French derivatives trader Jerome Kervial famously went to prison after making €50 billion worth of unauthorized trades and committing forgery and fraud to cover them up.
Société Générale lost €4.9 billion unwinding his trades but, in a case which has come to exemplify failure to recognise and act on warning signs, a subsequent investigation found the French bank had ignored 75 red flags over the previous 24 months.
Kervial consistently argued that managers had turned a blind eye to his profitable transgressions, and earlier this year a French labour tribunal seemingly agreed when it ruled he should not have been fired from the bank he had defrauded.

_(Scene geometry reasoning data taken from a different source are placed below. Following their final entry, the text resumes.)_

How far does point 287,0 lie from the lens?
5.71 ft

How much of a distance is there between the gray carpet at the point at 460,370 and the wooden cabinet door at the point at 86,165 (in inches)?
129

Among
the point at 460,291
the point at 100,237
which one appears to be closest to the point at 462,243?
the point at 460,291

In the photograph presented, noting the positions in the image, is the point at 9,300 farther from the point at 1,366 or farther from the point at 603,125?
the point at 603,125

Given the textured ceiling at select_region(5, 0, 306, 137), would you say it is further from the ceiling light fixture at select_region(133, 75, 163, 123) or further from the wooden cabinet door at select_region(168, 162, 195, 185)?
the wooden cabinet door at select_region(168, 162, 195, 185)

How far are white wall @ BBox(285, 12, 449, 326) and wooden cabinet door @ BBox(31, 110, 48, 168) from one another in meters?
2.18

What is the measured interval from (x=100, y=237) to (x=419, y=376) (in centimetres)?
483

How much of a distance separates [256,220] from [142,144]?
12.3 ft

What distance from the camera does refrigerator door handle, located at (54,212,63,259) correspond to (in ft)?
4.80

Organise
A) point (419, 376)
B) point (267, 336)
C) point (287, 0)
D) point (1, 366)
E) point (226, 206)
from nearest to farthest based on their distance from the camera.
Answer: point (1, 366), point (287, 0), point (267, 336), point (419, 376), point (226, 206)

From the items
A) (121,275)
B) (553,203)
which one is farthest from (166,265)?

The tribunal concluded that his illegal actions presented “no real and serious cause” for his dismissal and ordered Société Générale to pay Kervial about €450,000 in compensation.
Now the bank has been handed another setback. Although a lower court originally ordered Kervial to repay Société Générale the full €4.9 billion it lost, recently the Versailles Court of Appeals reduced his obligation to one million euros, declaring that the bank’s “multiple faults” meant it “had a major and decisive role” in allowing the incident.
While blaming a rogue employee or the system in the face of a crisis is not uncommon, it can carry enormous risk. Take the tragic nightclub shooting in Orlando, Florida, where one challenging question was how the Islamic extremist shooter got to be employed as a gun-carrying security guard? Global security giant G4S quickly adopted the rogue employee strategy, emphasising that gunman Omar Mateen was off-duty at the time of the massacre and the system had failed to alert them to any concern. But that didn’t prevent the news causing an eight percent drop in the company’s share price on the London exchange, which slashed about £200 million off its market value.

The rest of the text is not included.